Did you open the PDF in another application between your first and second attempts to open it in DT?
Also, did you search the forum for related threads? I seem to remember that this kind of problem arose before.
I didn’t open the PDF in another application before the problem arose, no. I now tried to open it in Acrobat Reader, and when I try to copy and paste text into MS Word, the same problem occurs. I suppose, then, that the problem is with this particular PDF - but it is still bizarre that it used to work fine before?
I did search the forum for related threads but did not find anything immediately relevant - will search again.
I’ve had this problem intermittently throughout the years, too - it’s a pain. As far as I can tell from my experience, it happens with other apps, too, not just DT. The only solution I’ve found is to export the PDF to an image file and then re-do OCR. You lose your highlights and bookmarks/ table of contents but get the text layer back.
Re-applying OCR has never worked for me (at least in Acrobat). There’s some anecdotal articles online to similar effect, eg this one. My guess is that it’s something to do with the fonts in the OCR layer. SW
I tried running OCR in DT, which interestingly did change the text layer but didn’t solve the problem, I guess because the data has been corrupted.

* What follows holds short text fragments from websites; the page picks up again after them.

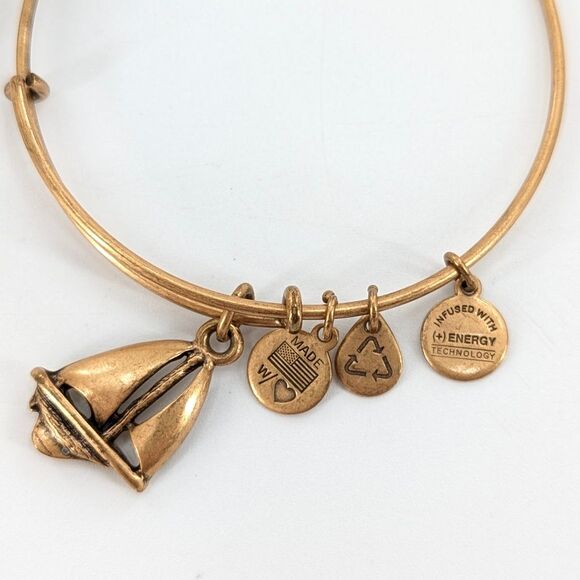 Alex & Ani Bronze Sailboat Charm Gold Stacking Bangle Bracelet - Picture 3 of 7
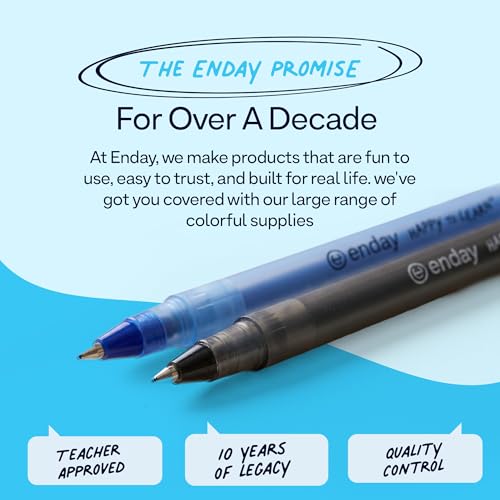 Image of Enday Ballpoint Pens Bulk Blue and Black Pens (240 Pack) 120 Black & 120 Blue - Medium Point (1.0mm) Flexible Round Barrel For Writing Comfort, Pens Bulk for School, Home and Office.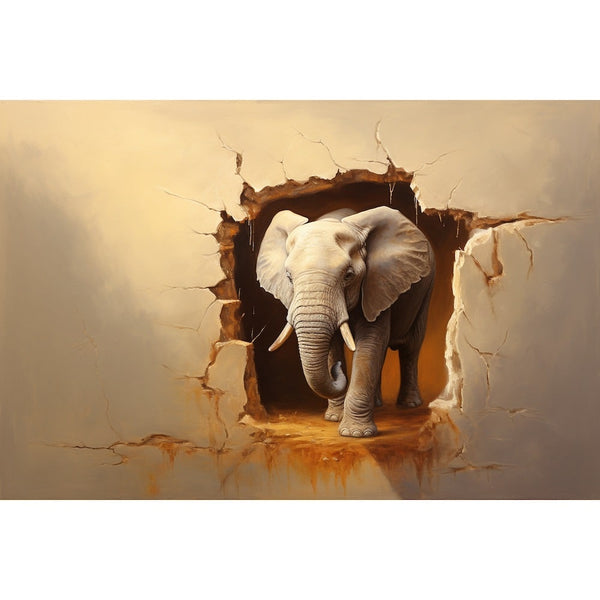 Tableau Éléphant 3D, art mural décoration nature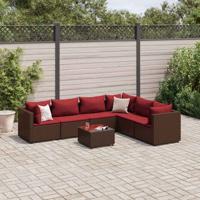 7-delige Loungeset met kussens poly rattan bruin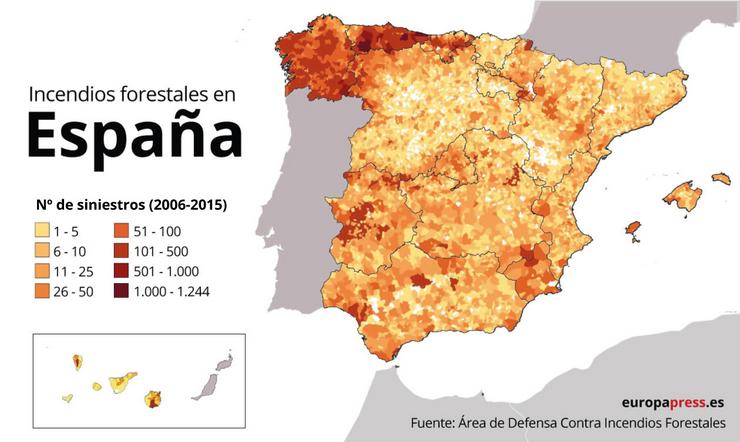 Grandes lumes no Estado, destacando nel os incendios de Galicia 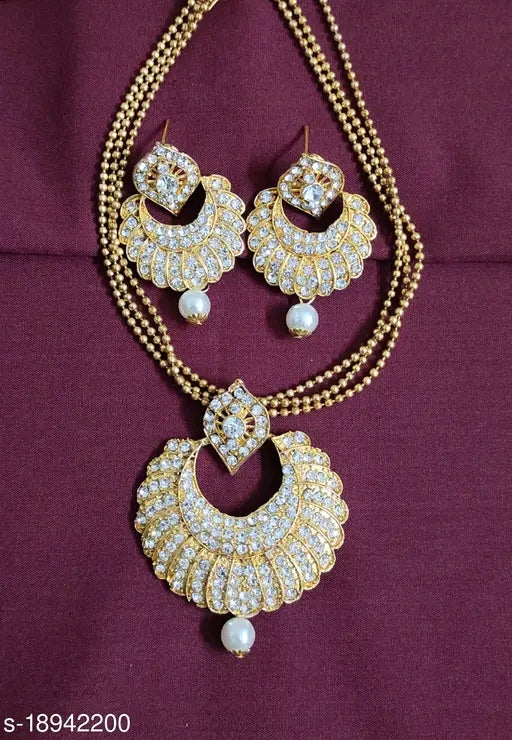Princess Unique Gold-Plated American Diamond Necklace & Earrings Set – Adjustable
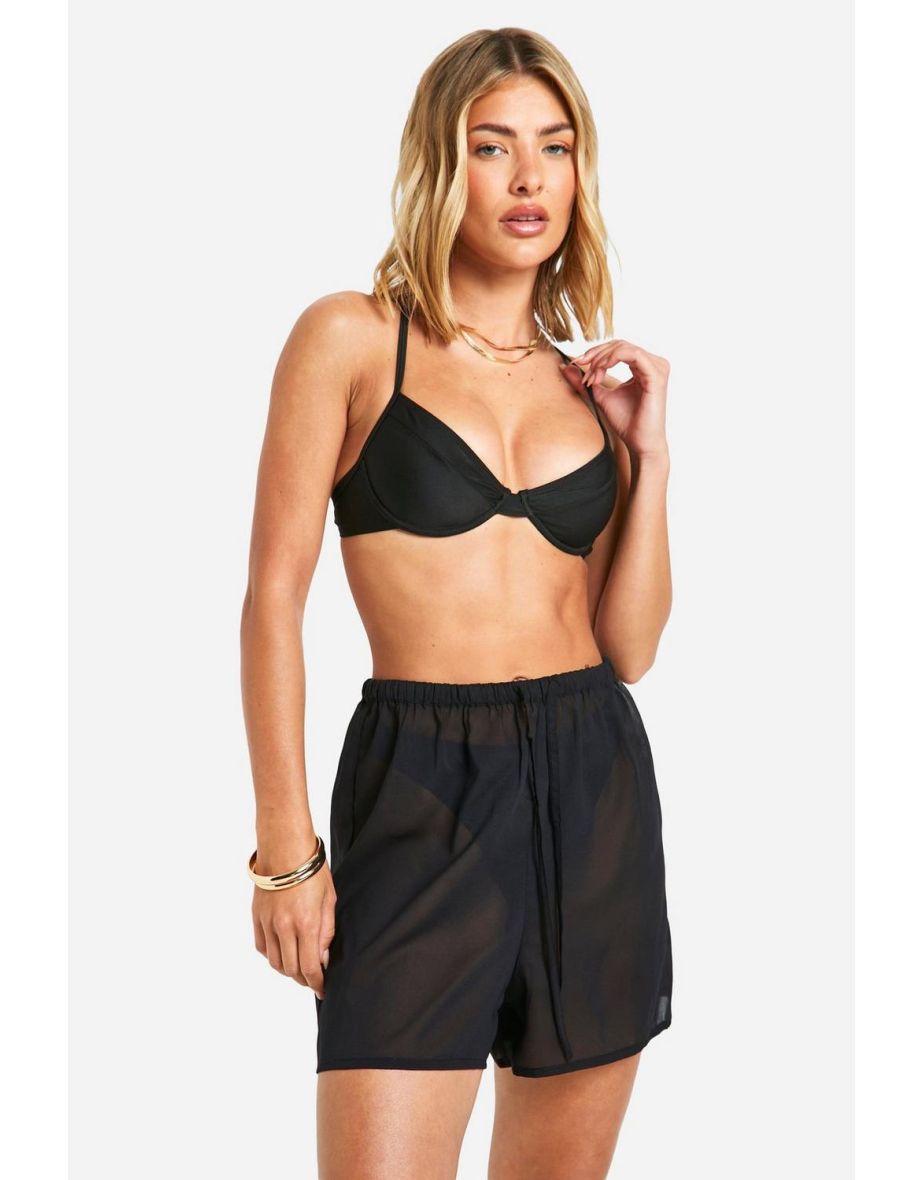 Black Chiffon Tie Beach Shorts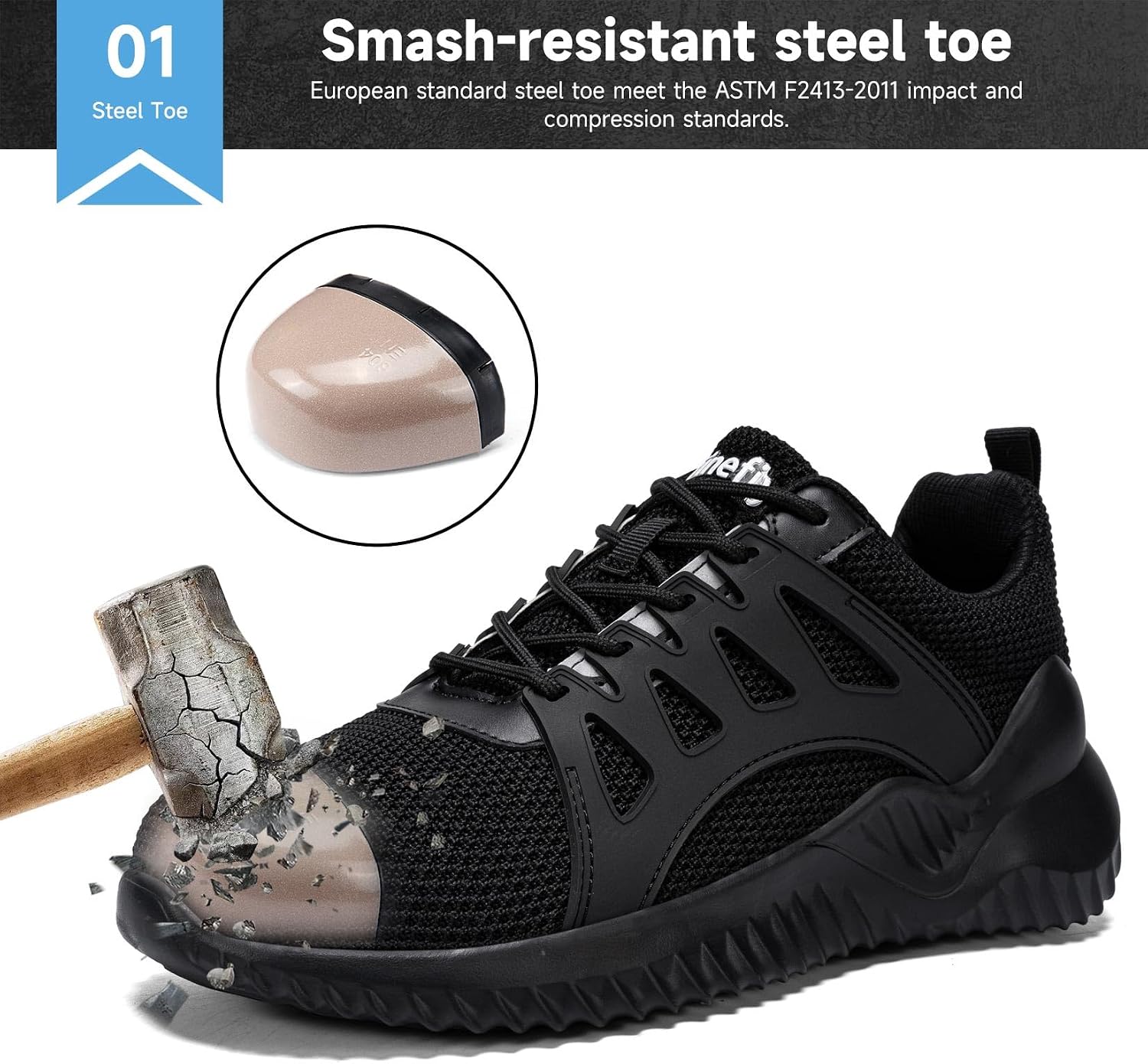 Tinefiy Steel Toe Shoes for Men Lightweight Comfortable Composite Toe Safety Work Sneakers Cushion Puncture Proof Indestructible Shoe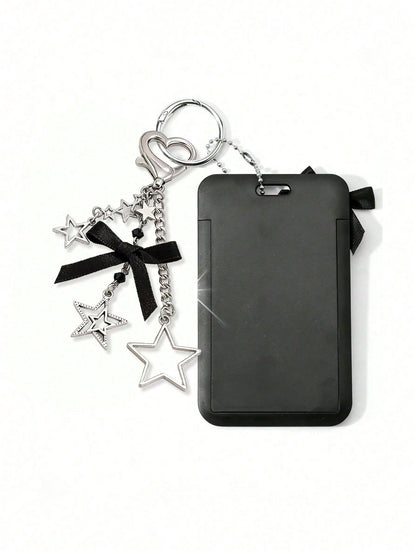 Black And White Star Pendant Card Holder, Pearl Pendant, Five-Pointed Star Pattern Design, Can Be Used As Bag Charm, Keychain, Can Store ID Card, Celebrity Card, Bus Card, Meal Card, Subway Card, Phot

FWIW, this was the process:
1 Original PDF as received:
(b) OCR Text:
model number CC-CL-50W-203 (Type A Light)
el number NK-DLW1-50W29 (Type F Light).
2 PDF after problem appeared (outline/ bookmarks created in Acrobat Pro DC, imported to DT3.7.2, highlighting applied in DT before font went skewy):
(b) OCR text:
model number CC-CL-50W-2T0y3p(e A Light)
el number NK-DLW1-50W2T9y(pe F Light).
3 After OCR in DT3.7.2:
(b) OCR text:
model number CC-CL-50W-2Q$£ A Light)
el number NK-DLW1-50W^e F Light).
So OCR in DT is changing the text layer (& maybe it might fix the OP’s issue - I’ll try when I next get the OCR problem the OP was referring to with the question-mark-in-box characters).
I’ve noticed some other occasional problems with particular PDFs recently - the first page of a PDF going completely black and PDF pages where I have highlighted text using DT not rendering DT (they look white, with no text).
I suspect at least some of the problems are caused by bad PDFs and the rest are a product of the macOS PDFkit issue.
Apologies for the long rambling post. Thankyou for your attention to the forums, as always. I feel bad taking up your time as I’m certain it is not a problem with DT (which BTW I use 8+ hrs a day and as you know is fantastic).
As @BLUEFROG said, yes, it is one of the Apple PDF kit issues. I have perfectly valid PDFs that I can see in Windows, iOS and macOS with 3rd party apps (like PDF Expert, GoodReader or PDF Viewer from PSPDFKIT) but not with native macOS preview or any other application that use that framework.
Your last resort could be installing a ghostscript-like virtual printer, print the PDF into full graphic and then OCR it with DT or another tool. I don’t know any virtual printer for macOS, but you could use Windows 10 native “Print to PDF” to do it if you have access to a Windows 10 machine (virtual or real).